▶ _DATA PROVIDED_:
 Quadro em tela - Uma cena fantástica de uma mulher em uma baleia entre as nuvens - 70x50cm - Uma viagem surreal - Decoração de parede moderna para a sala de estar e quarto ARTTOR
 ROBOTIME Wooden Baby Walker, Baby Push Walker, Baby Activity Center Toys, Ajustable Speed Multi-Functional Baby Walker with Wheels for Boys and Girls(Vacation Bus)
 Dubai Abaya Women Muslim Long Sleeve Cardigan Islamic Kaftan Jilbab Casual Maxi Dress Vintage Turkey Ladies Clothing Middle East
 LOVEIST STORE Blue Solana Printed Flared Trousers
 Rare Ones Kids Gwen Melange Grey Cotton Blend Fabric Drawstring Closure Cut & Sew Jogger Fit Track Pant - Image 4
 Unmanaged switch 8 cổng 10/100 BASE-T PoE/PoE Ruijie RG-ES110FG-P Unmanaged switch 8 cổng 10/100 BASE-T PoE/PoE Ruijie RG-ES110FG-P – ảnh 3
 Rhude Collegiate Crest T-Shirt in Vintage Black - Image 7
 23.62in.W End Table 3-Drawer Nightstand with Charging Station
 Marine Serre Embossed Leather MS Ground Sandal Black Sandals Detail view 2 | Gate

▶ _EXERCISE DESCRIPTION_: Print the lines above from the one with "ROBOTIME Wooden Baby" through the one with "Dubai Abaya Women", both included, exactly as written and nothing more.

▶ _WRITTEN SOLUTION_:
 ROBOTIME Wooden Baby Walker, Baby Push Walker, Baby Activity Center Toys, Ajustable Speed Multi-Functional Baby Walker with Wheels for Boys and Girls(Vacation Bus)
 Dubai Abaya Women Muslim Long Sleeve Cardigan Islamic Kaftan Jilbab Casual Maxi Dress Vintage Turkey Ladies Clothing Middle East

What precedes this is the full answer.